Dès lors, à l’instar de Supicic nous prenons ici le parti de dire que l’opposition fonctionnelle/

esthétique n’existe que par la construction conceptuelle et analytique qui accompagne la perception de la musique. En ce sens, toute musique est fonctionnelle puisque son écoute s’inscrit dans des dispositifs référentiels et signifiants culturels à la fois et individuels et collectifs.

II. Des effets aux fonctions

Hormis les fonctions de la musique, la diffusion de musiques dans les lieux publics invite à s’interroger sur les effets suscités. Quelle influence la musique a-t-elle sur le comportement ? Peut-on rationaliser la musique afin de répéter ses effets en fonction des desseins que l’on souhaite accomplir ? Ces effets sont ils structurels ou culturels ? Les effets suscités sont-ils individuels ou collectifs ?
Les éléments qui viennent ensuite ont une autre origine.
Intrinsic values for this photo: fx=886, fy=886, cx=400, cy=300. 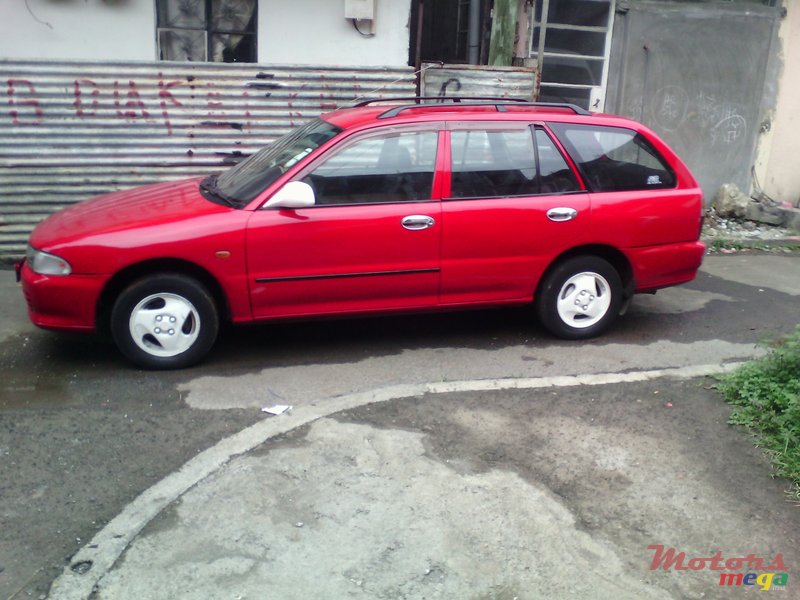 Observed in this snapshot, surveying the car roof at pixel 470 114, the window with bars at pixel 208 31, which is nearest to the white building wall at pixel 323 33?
the window with bars at pixel 208 31

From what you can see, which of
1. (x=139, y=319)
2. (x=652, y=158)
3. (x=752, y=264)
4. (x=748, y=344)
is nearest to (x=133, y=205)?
(x=139, y=319)

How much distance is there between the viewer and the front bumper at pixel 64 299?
5480mm

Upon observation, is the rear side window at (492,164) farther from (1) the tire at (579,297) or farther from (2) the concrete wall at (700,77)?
(2) the concrete wall at (700,77)

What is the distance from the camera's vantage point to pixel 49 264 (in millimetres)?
5504

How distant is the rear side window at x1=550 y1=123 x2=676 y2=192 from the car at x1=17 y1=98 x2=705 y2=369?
0.01 m

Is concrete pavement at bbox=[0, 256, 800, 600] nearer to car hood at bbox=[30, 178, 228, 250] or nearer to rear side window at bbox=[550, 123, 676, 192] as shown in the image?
car hood at bbox=[30, 178, 228, 250]

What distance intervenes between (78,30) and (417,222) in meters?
4.84

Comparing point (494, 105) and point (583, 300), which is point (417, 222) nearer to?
point (494, 105)

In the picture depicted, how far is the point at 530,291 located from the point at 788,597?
3.10 m

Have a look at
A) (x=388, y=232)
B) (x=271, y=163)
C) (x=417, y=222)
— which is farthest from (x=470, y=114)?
(x=271, y=163)

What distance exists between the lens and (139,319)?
560 centimetres

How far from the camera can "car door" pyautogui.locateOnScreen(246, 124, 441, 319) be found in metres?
5.69

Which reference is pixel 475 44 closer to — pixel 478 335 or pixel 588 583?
pixel 478 335

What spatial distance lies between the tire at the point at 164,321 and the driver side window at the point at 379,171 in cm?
102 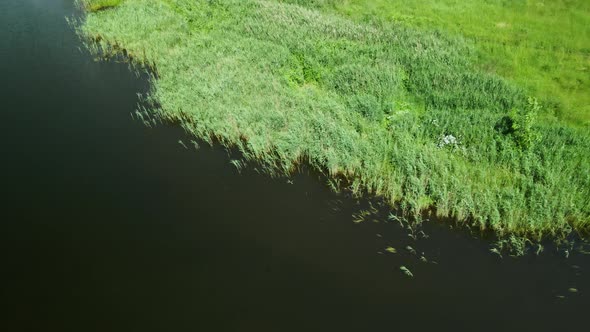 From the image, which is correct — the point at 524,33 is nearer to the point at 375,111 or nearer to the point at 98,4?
the point at 375,111

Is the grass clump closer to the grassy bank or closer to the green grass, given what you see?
the grassy bank

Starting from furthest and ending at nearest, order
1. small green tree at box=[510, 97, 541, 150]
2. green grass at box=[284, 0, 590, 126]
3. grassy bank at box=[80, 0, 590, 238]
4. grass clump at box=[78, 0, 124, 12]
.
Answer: grass clump at box=[78, 0, 124, 12] < green grass at box=[284, 0, 590, 126] < small green tree at box=[510, 97, 541, 150] < grassy bank at box=[80, 0, 590, 238]

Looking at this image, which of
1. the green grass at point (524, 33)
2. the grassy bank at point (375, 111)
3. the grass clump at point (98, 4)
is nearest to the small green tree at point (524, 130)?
the grassy bank at point (375, 111)

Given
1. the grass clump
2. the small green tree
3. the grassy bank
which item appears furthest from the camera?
the grass clump

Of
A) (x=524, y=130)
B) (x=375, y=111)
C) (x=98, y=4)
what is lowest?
(x=524, y=130)

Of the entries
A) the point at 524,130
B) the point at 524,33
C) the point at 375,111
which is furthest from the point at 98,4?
the point at 524,130

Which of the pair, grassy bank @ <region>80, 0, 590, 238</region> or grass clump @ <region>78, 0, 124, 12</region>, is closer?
grassy bank @ <region>80, 0, 590, 238</region>

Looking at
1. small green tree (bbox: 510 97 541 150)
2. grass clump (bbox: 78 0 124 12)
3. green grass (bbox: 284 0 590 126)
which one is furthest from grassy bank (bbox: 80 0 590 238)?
grass clump (bbox: 78 0 124 12) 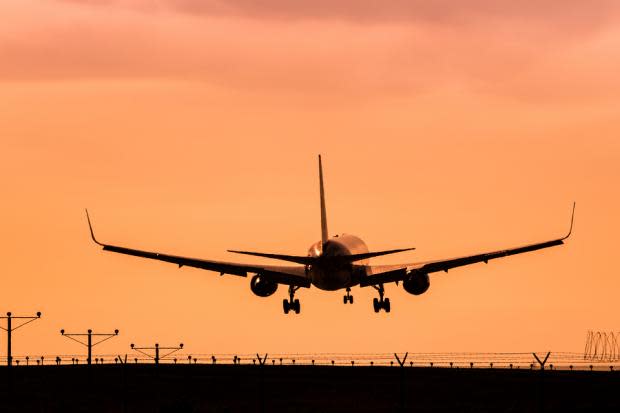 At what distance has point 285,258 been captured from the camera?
348 ft

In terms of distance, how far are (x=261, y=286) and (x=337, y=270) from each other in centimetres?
1026

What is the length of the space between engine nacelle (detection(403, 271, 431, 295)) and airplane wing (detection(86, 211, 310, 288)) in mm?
9073

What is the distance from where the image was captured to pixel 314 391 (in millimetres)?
116062

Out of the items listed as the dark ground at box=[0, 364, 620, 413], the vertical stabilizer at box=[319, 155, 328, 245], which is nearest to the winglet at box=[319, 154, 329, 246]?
the vertical stabilizer at box=[319, 155, 328, 245]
Autant de questions qui parcourent le deuxième volet de la littérature portant sur nos musiques. Loin de l’aura et de la discrimination portant sur la légitimité de l’art, ces études tentent de retracer des liens de causalité entre une musique et ses effets. Peu importe le genre musical, peu importe qu’il s’agisse de Mozart ou du dernier tube à la mode pourvu que la musique agisse et réponde aux buts qui lui sont assignés. Ainsi, des méthodes de rationalisation sont mises en place afin de cerner les variables actant dans la réception de la musique.

Au travers ces recherches, un déplacement progressif est opéré : de la focalisation sur l’objet n’existant que par et pour lui-même à la prise en considération du sujet dans l’acte d’écoute et de réception. Dès lors, il n’est plus question ici d’analyser les fonctions et d’en déduire les effets, mais plutôt de comprendre les effets afin de pouvoir adapter la musique à des lieux et des situations particulières.